And people think *I’m* picky. Clearly they need to spend more time watching a cormorant trying to get a fish angled just so in their beak, the easier to swallow it, my dear.
At the same park that is home to the noble, levitating roadrunner, a large artificial pond provides fishing opportunities for adults, for kids, and, it turns out, for cormorants. Of course, these opportunities aren’t necessarily close to shore, which accounts for the quality or lack thereof of these fully zoomed, heavily cropped photos.
I took these photos, and many more, in the space of about five minutes. Excluded, for your viewing pleasure:
- shots where the duplication was ridiculous (And here’s the fish hanging from the cormorant’s beak at a subtly different angle. Is that fish still, um, kicking?)

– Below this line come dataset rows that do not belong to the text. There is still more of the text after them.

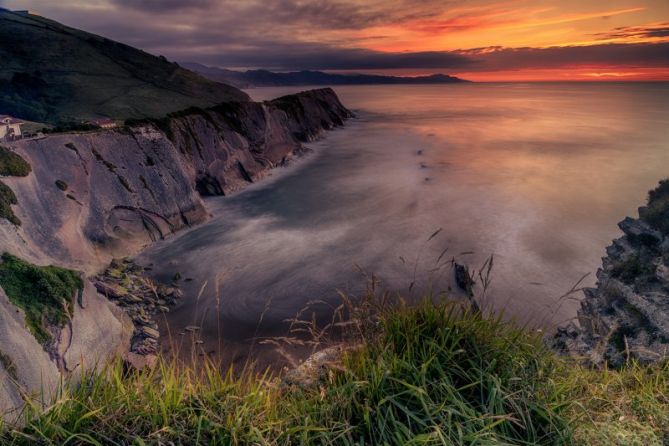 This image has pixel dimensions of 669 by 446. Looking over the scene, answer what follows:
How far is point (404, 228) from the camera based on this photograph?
2644 cm

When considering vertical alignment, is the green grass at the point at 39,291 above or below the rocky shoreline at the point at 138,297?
above

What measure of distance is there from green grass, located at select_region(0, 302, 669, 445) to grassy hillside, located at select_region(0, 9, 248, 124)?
6719 cm

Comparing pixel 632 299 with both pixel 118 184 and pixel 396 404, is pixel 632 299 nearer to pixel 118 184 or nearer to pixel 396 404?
pixel 396 404

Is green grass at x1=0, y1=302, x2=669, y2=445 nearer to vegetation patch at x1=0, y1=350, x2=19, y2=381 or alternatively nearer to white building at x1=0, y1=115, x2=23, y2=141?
vegetation patch at x1=0, y1=350, x2=19, y2=381

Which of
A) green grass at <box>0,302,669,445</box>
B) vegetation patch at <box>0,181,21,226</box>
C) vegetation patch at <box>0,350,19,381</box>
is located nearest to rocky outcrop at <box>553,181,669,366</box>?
green grass at <box>0,302,669,445</box>

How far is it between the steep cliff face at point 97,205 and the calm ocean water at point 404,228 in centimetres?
222

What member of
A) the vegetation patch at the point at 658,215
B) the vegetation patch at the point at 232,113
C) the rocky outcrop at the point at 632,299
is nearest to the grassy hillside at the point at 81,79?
the vegetation patch at the point at 232,113

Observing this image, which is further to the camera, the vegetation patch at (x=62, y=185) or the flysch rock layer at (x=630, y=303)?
the vegetation patch at (x=62, y=185)

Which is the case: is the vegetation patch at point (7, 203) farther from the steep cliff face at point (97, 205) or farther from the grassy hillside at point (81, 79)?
the grassy hillside at point (81, 79)

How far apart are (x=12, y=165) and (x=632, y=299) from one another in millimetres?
25077

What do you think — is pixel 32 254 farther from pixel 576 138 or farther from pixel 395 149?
pixel 576 138

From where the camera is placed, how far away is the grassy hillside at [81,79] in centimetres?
6500

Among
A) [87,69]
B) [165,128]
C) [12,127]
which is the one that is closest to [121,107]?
[87,69]

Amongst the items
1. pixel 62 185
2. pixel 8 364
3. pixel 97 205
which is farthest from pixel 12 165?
pixel 8 364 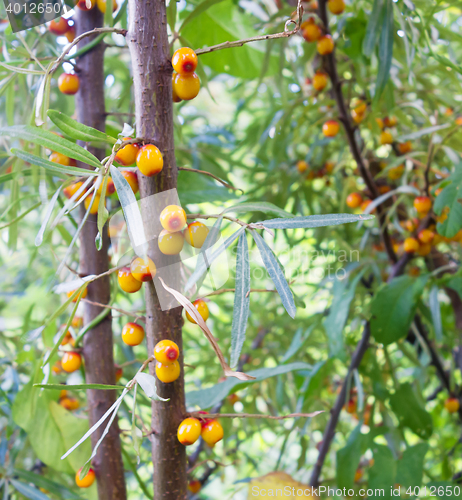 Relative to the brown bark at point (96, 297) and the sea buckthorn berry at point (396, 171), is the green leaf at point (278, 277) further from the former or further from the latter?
the sea buckthorn berry at point (396, 171)

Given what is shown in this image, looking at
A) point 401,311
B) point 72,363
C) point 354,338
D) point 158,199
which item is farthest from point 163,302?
point 354,338

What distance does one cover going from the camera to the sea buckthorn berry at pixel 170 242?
0.27 metres

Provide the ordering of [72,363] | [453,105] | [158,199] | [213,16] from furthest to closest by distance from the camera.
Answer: [453,105] < [213,16] < [72,363] < [158,199]

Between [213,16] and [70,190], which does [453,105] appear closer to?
[213,16]

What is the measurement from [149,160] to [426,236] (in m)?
0.51

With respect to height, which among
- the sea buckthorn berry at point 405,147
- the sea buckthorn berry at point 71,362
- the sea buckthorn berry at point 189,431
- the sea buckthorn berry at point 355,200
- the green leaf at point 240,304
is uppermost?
the sea buckthorn berry at point 405,147

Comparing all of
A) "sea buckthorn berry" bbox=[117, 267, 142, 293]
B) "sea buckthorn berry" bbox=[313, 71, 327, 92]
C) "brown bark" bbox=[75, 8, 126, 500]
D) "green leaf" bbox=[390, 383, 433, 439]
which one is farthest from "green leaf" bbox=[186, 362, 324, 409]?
"sea buckthorn berry" bbox=[313, 71, 327, 92]

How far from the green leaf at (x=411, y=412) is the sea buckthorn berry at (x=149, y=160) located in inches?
23.2

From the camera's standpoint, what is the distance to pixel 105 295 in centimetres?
43

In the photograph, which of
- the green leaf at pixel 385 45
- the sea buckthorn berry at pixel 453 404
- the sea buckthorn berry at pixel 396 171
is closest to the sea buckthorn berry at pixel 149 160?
the green leaf at pixel 385 45

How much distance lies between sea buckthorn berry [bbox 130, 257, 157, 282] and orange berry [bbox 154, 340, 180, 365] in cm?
5

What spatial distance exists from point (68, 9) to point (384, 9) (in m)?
0.34

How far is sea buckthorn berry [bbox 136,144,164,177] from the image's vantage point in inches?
10.3

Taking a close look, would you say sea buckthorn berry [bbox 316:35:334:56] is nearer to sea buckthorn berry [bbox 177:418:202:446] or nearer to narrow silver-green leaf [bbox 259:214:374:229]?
narrow silver-green leaf [bbox 259:214:374:229] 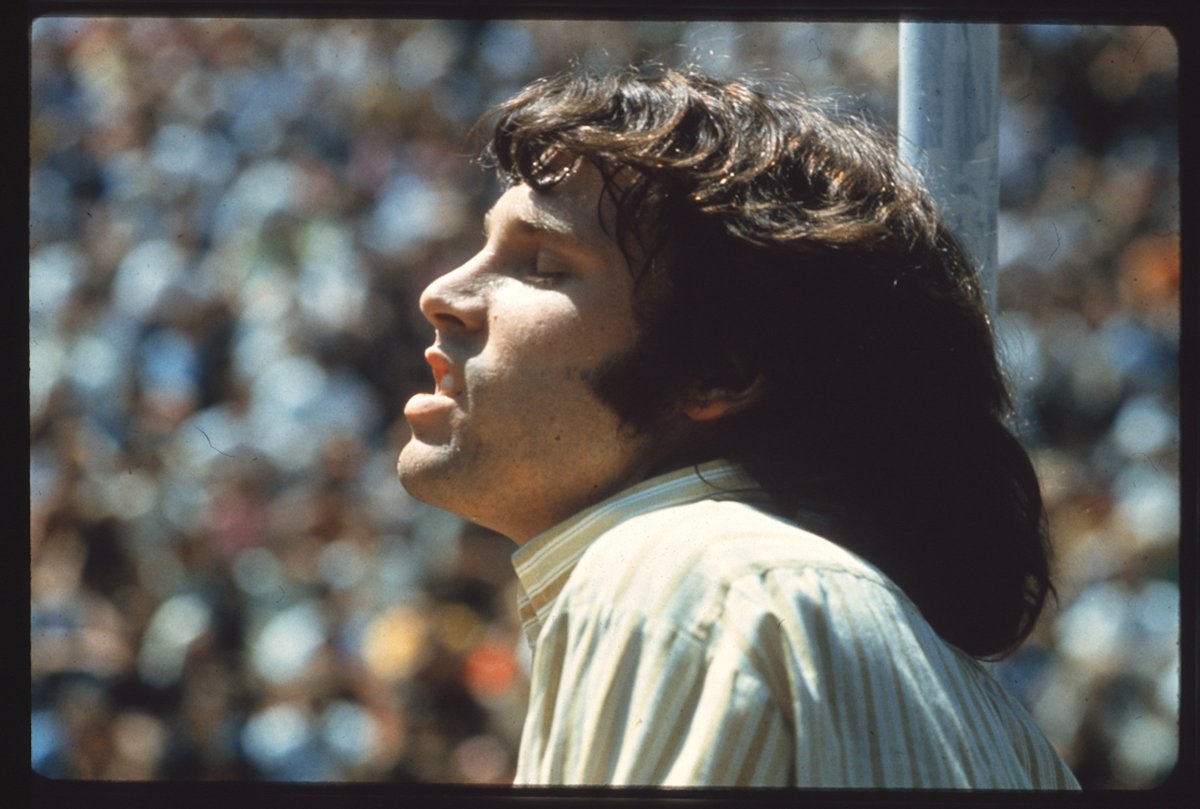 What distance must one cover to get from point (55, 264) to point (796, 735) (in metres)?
1.72

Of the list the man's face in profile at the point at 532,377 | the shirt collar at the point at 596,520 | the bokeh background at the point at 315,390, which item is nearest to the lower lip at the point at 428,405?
the man's face in profile at the point at 532,377

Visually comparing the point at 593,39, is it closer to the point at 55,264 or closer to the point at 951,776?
the point at 951,776

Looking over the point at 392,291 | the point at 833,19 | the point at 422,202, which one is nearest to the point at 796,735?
the point at 833,19

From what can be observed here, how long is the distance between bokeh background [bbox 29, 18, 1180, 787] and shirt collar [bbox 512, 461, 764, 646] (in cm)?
49

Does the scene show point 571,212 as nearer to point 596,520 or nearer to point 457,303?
point 457,303

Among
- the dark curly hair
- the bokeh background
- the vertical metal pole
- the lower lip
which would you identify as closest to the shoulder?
the dark curly hair

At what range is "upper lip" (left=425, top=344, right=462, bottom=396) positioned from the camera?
1.29m

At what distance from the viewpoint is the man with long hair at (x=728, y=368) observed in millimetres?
1260

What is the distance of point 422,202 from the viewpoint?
2.06 metres

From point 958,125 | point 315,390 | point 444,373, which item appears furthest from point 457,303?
point 315,390

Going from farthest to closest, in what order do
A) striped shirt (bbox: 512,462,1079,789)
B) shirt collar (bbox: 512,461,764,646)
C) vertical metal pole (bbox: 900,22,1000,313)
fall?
1. vertical metal pole (bbox: 900,22,1000,313)
2. shirt collar (bbox: 512,461,764,646)
3. striped shirt (bbox: 512,462,1079,789)

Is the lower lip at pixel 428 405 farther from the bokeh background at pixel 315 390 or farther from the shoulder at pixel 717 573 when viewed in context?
the bokeh background at pixel 315 390

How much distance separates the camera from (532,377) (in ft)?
4.15

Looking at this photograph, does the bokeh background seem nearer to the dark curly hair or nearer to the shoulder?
the dark curly hair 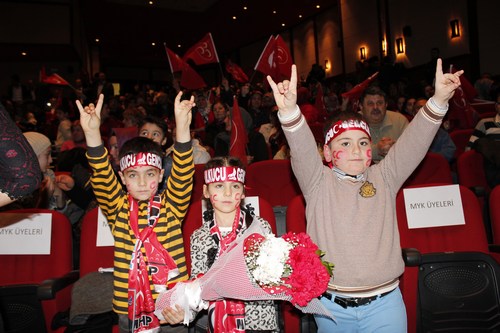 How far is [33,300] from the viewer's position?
2.48m

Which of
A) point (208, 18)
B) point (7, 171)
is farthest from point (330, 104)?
point (208, 18)

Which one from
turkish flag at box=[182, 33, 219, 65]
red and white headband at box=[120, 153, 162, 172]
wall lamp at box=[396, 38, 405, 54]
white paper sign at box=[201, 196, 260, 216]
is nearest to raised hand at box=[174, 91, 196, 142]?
red and white headband at box=[120, 153, 162, 172]

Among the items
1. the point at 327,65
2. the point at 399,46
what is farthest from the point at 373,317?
the point at 327,65

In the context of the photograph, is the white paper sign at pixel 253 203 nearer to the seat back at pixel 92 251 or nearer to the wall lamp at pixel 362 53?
the seat back at pixel 92 251

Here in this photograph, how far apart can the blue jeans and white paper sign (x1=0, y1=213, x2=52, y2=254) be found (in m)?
1.89

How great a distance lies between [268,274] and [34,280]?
77.8 inches

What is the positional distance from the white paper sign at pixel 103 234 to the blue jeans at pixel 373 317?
150 cm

- shots where the cormorant had his back to me
- shots where the cormorant had his head underwater, apparently dropping the fish and catching it again at a better angle (or a different one, anyway)
- shots where the cormorant finally had the fish in its beak at the desired angle and it could hardly be seen, before it couldn’t be seen at all
It’s a 90-degree problem. The cormorant catches the fish most easily broadside, but swallows it most easily lengthwise. And swallowing is all it can do.
There is nothing like spending five minutes watching a cormorant trying to eat one not-very-large fish to make me appreciate my past-their-best-before-date teeth.
Gosh, those are fantastic pictures, Isabel.
Tom
Tom – Thank you. One of the best features of digital cameras is their ability to take multiple shots with one press of the shutter button. It’s perfect for fast-changing scenes like this one. The camera sees things my eyes can’t by freezing the motion in tiny increments.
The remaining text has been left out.